The certificate can be saved to regular DER format with call to X509Certificate.SaveToStream() method.

DER format is binary and can be stored in BLOB field of the database.

The certificate can be saved to PEM format as follows:

  1. Save the certificate with it's public key using X509Certificate.SaveToStreamPEM() method.
  2. Save the certificate's private key using X509Certificate.SaveKeyToStreamPEM() method

The generated PEM stream contains text data that can be stored in MEMO field of the database.

The structure of the user database can be

  1. Username: string [as you like]. Unique. Primary key. This is the name of the user who owns the certificate.
  2. ValidFrom: DATE. This is the time when certificate becomes valid. The value corresponds to ValidFrom field of the certificate.
  3. ValidTo: DATE. This is the time when certificate expires. The value corresponds to ValidTo field of the certificate.
  4. CertPublic : BLOB. The certificate in DER format. This field is optional.
  5. CertPEM : MEMO. The certificate in PEM Format.

When the user logs in, the following sequence of operations is performed:

  1. The server searches for the record using Username field.
  2. User's password is checked as follows: the certificate in PEM format is decrypted and checked for consistence (i.e. the certificate must correctly load itself from the stream).
  3. Validity period is checked. If the certificate has expired, the server can generate new certificate and request the user to change the password.

The benefit of this approach is that the certificates can be used not only for access to server, but also for establishing secure SSL session with third-party on behalf of the user.

Example: there is some remote server that requires (or prefers SSL connection). This server utilizes custom protocol. The client software that your users have doesn't work with SSL but it works with SOCKS proxies. What you can do is write a simple SOCKS proxy that becomes a client in SSL connection. But the user can't pass you a certificate. He can only give you SOCKS username and password. Then your proxy finds user certificate in the database and sends it as a client certificate in SSL conversation.

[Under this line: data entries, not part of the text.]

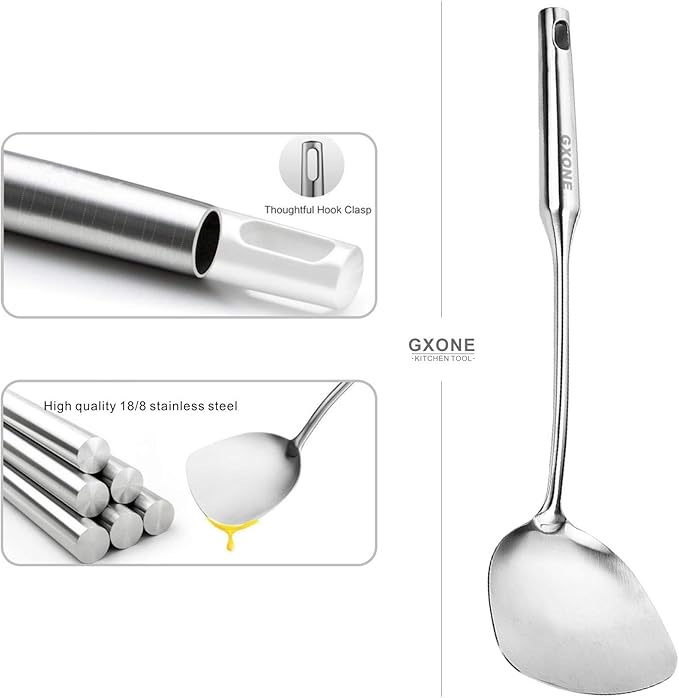 Wok Spatula Stainless Steel, Wide Metal Spatula with Hollow Long Handle Wok Utensils,Silver/14.7Inch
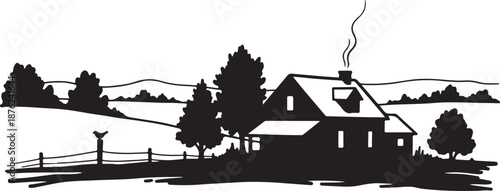 Serene countryside home with rolling hills and trees silhouette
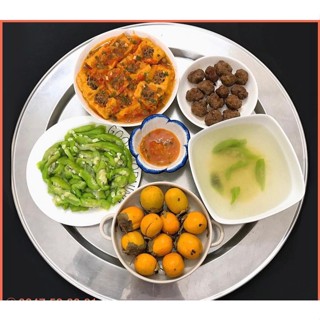 Mâm nhôm 800g dùng để ăn cơm siêu dày dặn, đường kính chuẩn 53cm, hàng loại 1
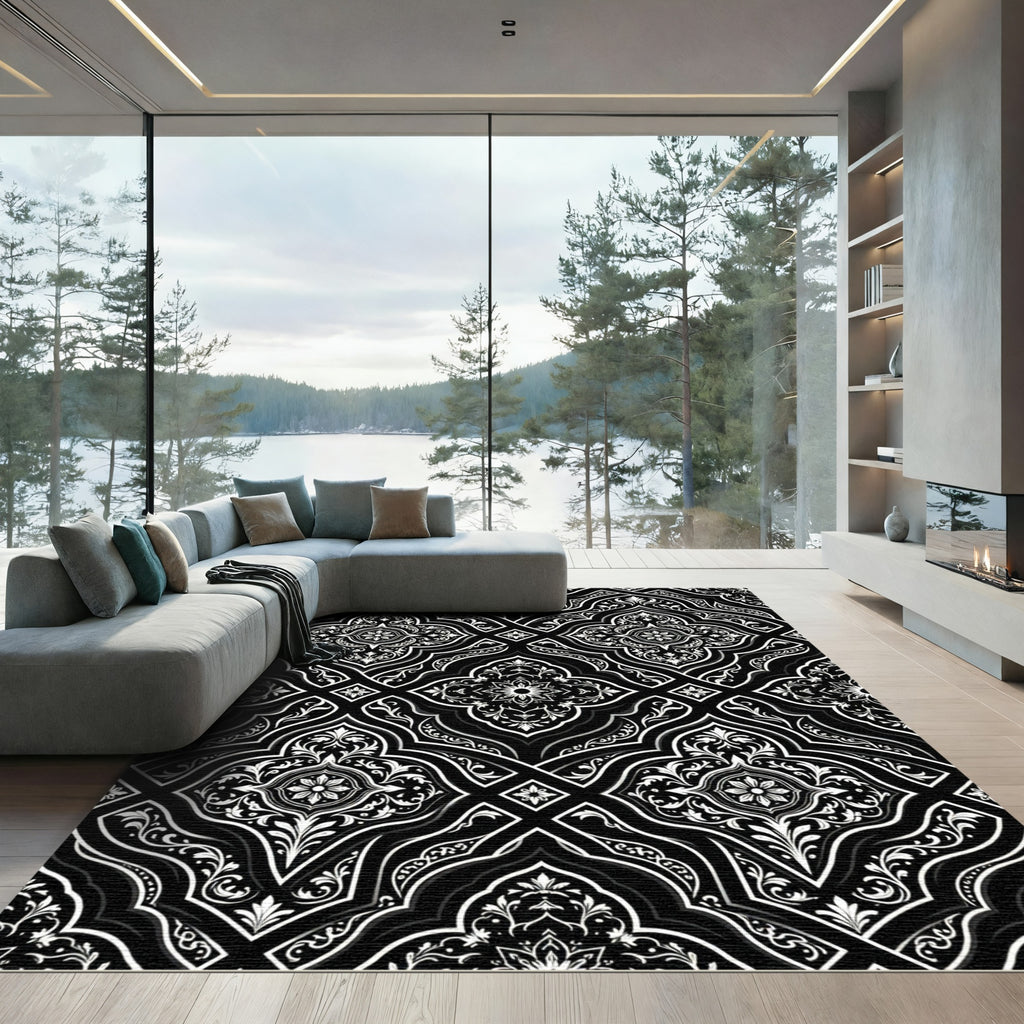 Ornate Black White Floral Arabesque Rug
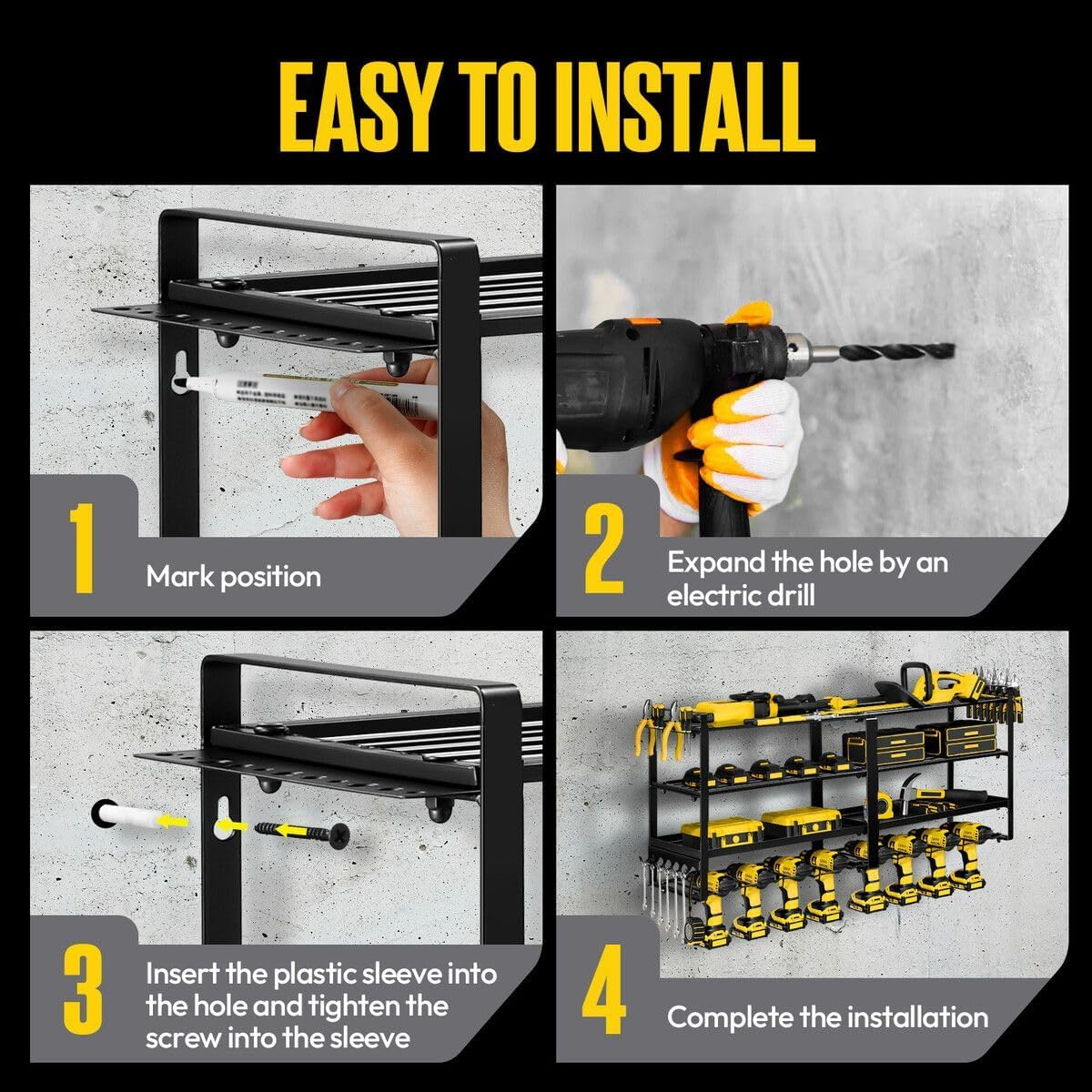 AUSWAY Power Tool Organiser 4 Tier Garage Shelving Unit Wall Mounted Metal Storage Rack Shelves Warehouse Drill Wrench Holder Hanger image number 4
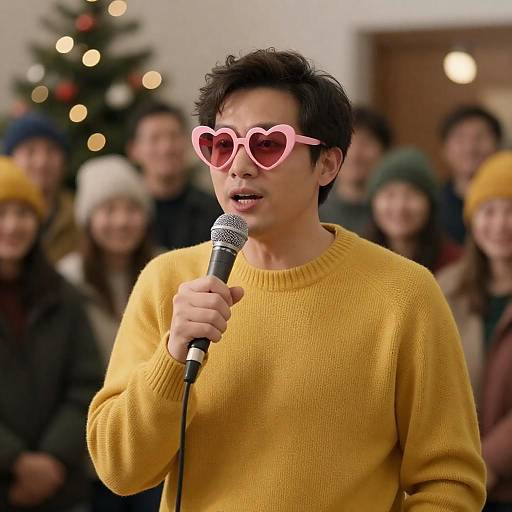 Festive Speaker in Heart-Shaped Sunglasses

Another example is a mail server that automatically signs outgoing e-mail based on user's username and password. Usefulness of such approach is to ensure that employee of the organization, and not a fraudulent person, sent the e-mail.

Also, certificates can be used to sign or encrypt the data stored by the server. This allows users to safely store their private documents on the server, or sign the files they submit to common repository. One thing to remember is that you must keep revoked certificates (the certificates that are inactive due to expiration or because their private key became well-known etc.) in the database so that older signed or encrypted documents can be accessed.

As you see, each of the schemes has it's own uses and benefits. And no matter what scheme you use, SecureBlackbox will be very helpful.